La sua esperienza le conferma che condividere la propria esperienza sia uno strumento potentissimo. Anche col suo libro “The Last Girl” ha voluto esprimere il concetto che vuole essere l’ultima donna ad avere una storia del genere. Essere vittima di una violenza sessuale non distrugge solo la vita della vittima, ma quella di intere famiglie e comunità. Raccontare queste storie permette alle persone di dare un volto agli orrori di cui possono aver solo sentito parlare o letto. Quando sentiamo parlare di gruppi come l’ISIS, i Talebani o Boko Haram, dobbiamo capire cosa fanno alle donne: la realtà è che le donne vengono sempre usate come arma di guerra.

La Premio Nobel ha poi parlato della situazione attuale in Ucraina. “Vedo le stesse cose che stanno accadendo alle donne in Ucraina. Abbiamo collaborato con il governo britannico e quest’anno abbiamo pubblicato il Codice Murad, una serie di linee guida per i giornalisti e gli investigatori che lavorano con i sopravvissuti alle violenze sessuali, per essere in grado di interagire con loro in modo rispettoso. Sono orgogliosa di dire che abbiamo già tradotto il codice in ucraino e lo abbiamo condiviso con il governo; speriamo che la gente possa trarne beneficio.”

Murad ha poi raccontato le responsabilità scaturite dall’essere stata insignita del Premio Nobel per la Pace 2018. Una sola persona, una sola ONG, non riesce a portare giustizia alle persona anche se si è vinto il Nobel. Per fare passi in avanti si ha il bisogno che i leader del mondo siano uniti per aiutare realmente le comunità che hanno subito genocidi. Genocidi di cui non vuole essere la voce, in quanto ritiene che tutti i sopravvissuti abbiano il diritto di poter raccontare la loro storia e il diritto di essere ascoltati.

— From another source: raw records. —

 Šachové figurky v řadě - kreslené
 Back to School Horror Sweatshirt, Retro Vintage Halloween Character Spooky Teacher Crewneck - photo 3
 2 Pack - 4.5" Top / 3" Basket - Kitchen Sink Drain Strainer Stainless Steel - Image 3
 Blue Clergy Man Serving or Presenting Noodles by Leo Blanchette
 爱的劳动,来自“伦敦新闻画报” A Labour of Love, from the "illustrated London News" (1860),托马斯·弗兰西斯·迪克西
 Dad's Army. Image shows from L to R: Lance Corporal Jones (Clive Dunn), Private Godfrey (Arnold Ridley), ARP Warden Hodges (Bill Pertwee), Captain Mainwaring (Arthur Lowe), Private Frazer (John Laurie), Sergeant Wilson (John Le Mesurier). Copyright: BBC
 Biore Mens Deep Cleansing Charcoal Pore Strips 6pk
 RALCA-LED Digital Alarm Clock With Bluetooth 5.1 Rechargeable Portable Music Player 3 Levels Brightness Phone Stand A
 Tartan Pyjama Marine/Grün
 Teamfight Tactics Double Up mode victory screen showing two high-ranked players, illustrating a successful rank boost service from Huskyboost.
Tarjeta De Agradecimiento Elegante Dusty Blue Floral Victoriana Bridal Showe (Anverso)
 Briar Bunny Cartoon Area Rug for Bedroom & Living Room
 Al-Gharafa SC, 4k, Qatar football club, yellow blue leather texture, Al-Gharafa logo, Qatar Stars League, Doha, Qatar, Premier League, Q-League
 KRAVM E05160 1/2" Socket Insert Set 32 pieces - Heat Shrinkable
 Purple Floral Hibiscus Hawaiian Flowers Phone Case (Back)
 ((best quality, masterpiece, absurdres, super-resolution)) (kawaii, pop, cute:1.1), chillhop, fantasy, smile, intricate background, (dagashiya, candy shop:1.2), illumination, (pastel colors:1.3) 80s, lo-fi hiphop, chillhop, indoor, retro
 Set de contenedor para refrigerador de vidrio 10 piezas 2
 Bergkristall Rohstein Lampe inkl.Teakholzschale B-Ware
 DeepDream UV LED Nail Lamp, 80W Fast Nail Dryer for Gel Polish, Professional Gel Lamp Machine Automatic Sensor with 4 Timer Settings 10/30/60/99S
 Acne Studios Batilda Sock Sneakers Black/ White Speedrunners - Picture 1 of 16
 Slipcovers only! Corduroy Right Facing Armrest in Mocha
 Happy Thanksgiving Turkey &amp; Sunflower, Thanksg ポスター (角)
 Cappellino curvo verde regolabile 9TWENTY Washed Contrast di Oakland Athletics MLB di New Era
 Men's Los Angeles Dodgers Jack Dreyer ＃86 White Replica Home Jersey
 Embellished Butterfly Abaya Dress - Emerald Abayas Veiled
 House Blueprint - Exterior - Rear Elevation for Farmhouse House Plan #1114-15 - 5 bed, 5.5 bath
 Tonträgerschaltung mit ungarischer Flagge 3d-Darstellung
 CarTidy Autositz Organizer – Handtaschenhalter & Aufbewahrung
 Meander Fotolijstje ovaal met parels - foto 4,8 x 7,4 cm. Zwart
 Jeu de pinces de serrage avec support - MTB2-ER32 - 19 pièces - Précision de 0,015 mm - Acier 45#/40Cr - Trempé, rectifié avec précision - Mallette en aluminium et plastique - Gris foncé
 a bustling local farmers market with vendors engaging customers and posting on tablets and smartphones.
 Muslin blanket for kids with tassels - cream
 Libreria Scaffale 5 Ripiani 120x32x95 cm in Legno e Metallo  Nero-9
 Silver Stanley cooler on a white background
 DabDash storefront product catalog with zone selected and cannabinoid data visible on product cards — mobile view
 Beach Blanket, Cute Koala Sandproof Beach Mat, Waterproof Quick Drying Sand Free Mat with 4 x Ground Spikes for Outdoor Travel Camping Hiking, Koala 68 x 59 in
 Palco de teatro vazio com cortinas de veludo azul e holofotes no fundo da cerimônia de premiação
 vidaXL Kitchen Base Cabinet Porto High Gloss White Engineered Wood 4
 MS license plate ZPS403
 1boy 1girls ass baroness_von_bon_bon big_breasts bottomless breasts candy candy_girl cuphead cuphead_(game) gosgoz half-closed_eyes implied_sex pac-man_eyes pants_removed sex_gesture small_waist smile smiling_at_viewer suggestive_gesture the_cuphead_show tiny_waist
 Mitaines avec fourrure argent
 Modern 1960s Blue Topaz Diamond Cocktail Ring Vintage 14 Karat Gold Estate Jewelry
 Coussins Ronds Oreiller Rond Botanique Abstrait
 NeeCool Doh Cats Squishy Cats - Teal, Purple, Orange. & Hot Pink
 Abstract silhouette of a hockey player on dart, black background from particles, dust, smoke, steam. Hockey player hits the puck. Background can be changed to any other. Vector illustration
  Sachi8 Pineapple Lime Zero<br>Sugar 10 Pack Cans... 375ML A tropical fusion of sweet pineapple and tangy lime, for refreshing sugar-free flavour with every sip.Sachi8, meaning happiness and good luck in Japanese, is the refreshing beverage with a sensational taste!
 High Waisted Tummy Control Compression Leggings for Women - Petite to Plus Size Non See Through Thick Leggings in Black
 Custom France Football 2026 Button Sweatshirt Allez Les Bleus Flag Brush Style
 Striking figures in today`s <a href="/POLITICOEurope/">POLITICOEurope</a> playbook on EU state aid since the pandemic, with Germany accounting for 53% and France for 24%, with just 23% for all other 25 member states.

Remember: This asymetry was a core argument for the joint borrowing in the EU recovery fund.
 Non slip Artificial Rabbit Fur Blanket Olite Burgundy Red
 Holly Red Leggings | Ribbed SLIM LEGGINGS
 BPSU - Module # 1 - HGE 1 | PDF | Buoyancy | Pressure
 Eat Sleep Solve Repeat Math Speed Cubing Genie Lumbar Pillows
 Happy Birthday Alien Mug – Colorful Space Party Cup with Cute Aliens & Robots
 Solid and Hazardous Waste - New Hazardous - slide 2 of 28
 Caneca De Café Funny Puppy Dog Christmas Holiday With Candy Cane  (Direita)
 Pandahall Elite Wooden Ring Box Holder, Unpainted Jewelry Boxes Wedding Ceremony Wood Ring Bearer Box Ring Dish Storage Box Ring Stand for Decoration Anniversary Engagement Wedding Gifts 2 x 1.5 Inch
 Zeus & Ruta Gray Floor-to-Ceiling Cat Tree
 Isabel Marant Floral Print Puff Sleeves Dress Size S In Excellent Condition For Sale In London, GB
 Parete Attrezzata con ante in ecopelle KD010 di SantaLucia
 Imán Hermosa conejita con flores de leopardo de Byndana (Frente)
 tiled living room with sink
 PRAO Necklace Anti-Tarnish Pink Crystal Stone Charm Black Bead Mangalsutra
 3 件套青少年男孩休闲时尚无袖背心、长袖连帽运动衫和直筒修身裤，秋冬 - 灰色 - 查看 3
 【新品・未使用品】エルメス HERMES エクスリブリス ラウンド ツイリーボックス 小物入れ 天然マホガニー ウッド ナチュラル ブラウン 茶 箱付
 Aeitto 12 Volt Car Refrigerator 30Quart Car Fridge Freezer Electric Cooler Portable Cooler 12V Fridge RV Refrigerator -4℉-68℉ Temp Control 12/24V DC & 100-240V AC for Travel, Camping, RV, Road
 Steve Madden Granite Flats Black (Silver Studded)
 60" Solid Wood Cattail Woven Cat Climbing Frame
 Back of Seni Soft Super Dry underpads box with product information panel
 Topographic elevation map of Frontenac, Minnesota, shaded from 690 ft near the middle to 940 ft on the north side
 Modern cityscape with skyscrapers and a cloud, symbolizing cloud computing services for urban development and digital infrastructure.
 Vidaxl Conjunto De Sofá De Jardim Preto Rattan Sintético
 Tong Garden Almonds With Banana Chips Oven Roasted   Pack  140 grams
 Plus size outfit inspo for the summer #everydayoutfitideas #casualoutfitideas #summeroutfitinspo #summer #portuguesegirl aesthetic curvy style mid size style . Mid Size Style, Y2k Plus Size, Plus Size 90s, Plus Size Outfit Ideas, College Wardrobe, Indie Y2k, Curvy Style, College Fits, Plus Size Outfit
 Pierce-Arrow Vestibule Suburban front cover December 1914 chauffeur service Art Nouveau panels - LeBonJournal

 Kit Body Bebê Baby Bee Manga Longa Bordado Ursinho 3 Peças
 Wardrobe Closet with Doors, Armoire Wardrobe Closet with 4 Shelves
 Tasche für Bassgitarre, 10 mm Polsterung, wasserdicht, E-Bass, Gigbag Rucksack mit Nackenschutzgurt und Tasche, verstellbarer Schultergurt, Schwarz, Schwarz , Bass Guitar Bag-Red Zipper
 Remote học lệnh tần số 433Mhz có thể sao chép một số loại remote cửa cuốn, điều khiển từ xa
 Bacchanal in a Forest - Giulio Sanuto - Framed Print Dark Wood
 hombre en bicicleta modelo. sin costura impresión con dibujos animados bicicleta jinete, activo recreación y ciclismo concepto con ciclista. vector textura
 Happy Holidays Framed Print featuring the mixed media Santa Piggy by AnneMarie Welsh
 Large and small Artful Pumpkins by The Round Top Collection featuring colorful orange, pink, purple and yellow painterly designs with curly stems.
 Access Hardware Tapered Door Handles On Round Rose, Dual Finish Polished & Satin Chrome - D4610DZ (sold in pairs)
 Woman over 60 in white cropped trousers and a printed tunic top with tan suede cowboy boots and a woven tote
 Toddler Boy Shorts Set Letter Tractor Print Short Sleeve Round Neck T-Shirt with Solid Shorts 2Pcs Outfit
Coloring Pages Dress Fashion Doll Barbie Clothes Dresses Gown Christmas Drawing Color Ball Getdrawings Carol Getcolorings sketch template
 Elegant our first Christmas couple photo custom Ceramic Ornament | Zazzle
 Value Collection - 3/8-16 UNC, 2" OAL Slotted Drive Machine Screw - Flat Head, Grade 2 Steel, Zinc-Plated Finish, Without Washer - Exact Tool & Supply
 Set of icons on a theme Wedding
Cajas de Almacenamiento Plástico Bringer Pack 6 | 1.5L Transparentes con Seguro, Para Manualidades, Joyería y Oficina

Nadia Murad ha infine raccontato come per concentrarsi cammina per chilometri pianificando quello che dirà per convincere chi incontra ad agire in modo sostenibile. Nei lunghissimi giorni in cui era prigioniera dell’ISIS, una delle cose che desiderava di più era allontanarsi da quel conflitto e da tutto l’odio. “Ora ho la libertà di percorrere chilometri ascoltando Dua Lipa e Cardi B. Mi lascio tutto alle spalle e mi concentro sul futuro e sui miei obiettivi.”